───── DATA

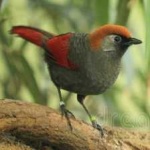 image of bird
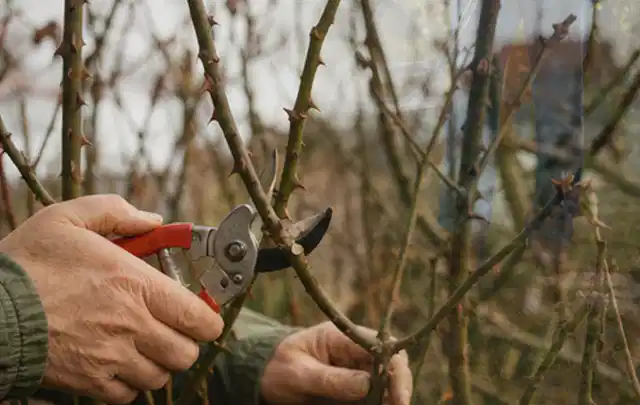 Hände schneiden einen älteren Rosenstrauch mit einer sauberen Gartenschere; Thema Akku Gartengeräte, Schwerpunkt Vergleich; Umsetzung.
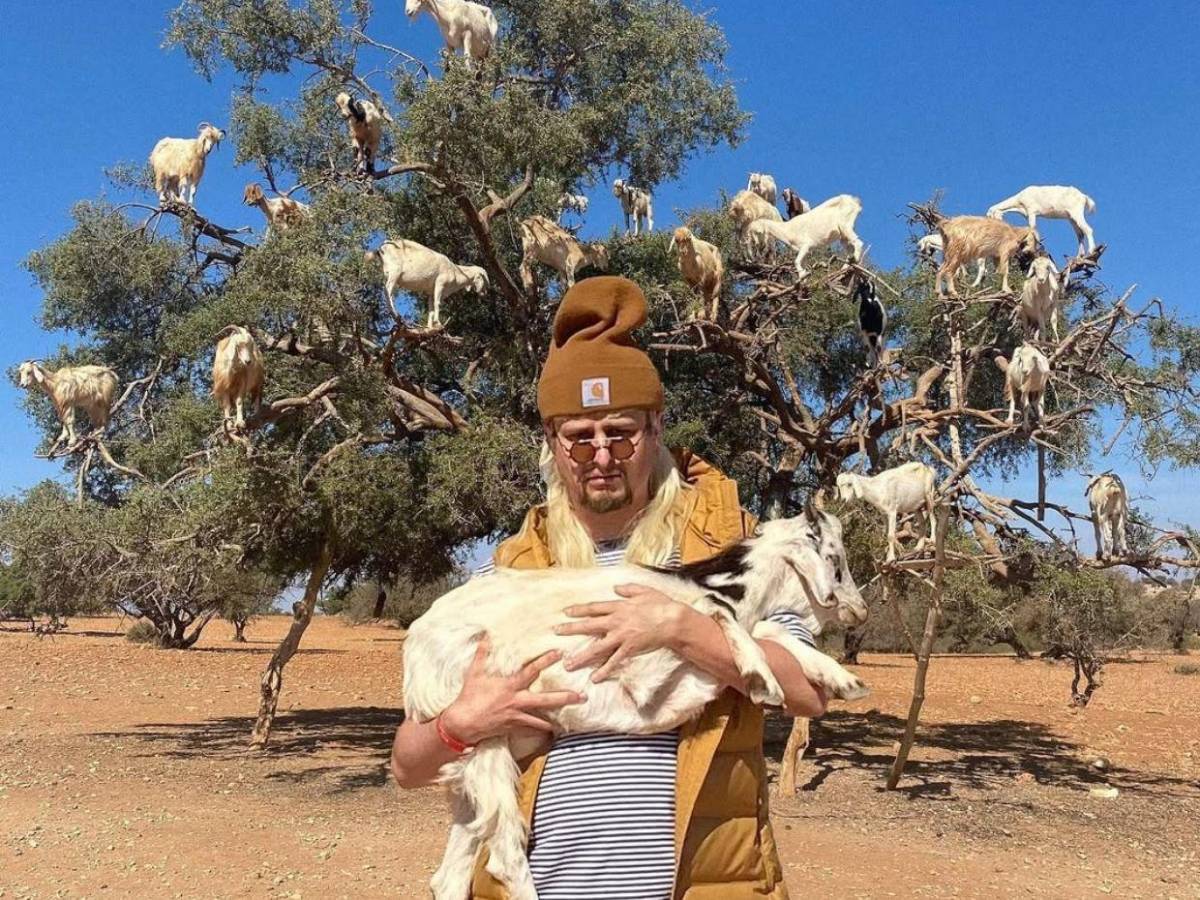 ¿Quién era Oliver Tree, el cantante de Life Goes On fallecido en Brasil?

──────────

WHAT TO DO
Restate the whole of the material word for word without the pictures.

EXPECTED OUTPUT
 image of bird
 Hände schneiden einen älteren Rosenstrauch mit einer sauberen Gartenschere; Thema Akku Gartengeräte, Schwerpunkt Vergleich; Umsetzung.
 ¿Quién era Oliver Tree, el cantante de Life Goes On fallecido en Brasil?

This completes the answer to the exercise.